Loss of innocence is a complicated thing. It never boils down to one definable moment, like the death of a parent, or losing your virginity, or finding out that Velveeta isn't really cheese—although if all those things happened at once, you'd instantly be an adult, and that would be one of the weirdest days in your life.
Most people lose their innocence by degrees. They can try to stave it off, but that's like putting a finger in a dam. It's going to break at some point, but even if it doesn't, what's the point of saving it?
Sling Blade is a movie about preserving innocence.
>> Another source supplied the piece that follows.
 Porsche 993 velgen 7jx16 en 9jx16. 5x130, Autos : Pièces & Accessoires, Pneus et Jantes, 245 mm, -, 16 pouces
Salvaging innocence by murdering another person seems like a strange way to go about things, but as we said, innocence is complicated.
Questions About Innocence
- Is Karl naïve to try and preserve Frank's innocence? Is he doing the kid a disservice by trying to keep him from growing up?
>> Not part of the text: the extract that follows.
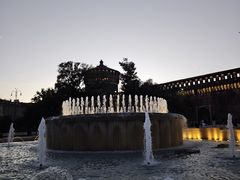 -斯福尔扎古堡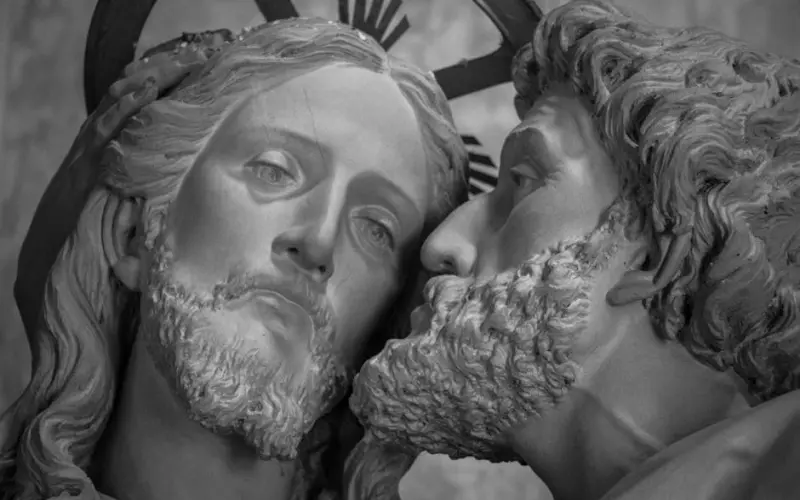 会原谅错不会原谅背叛的句子(男人背叛能原谅吗应该原谅吗)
- What are the key moments in Frank's loss of innocence? Is it possible for him ever to reclaim his childhood?
- Karl has an air of innocence about him, even though he is a convicted killer. Can murder ever be an innocent act? Why or why not?
Chew on This
Karl is born without innocence, which makes seeing the loss of Frank's innocence even more tragic to him. He hates to see Frank losing something he never had himself.
Both Karl and Doyle are father figures in a way for Frank, but while Karl is determined to preserve Frank's innocence, Doyle seems to be trying to destroy it.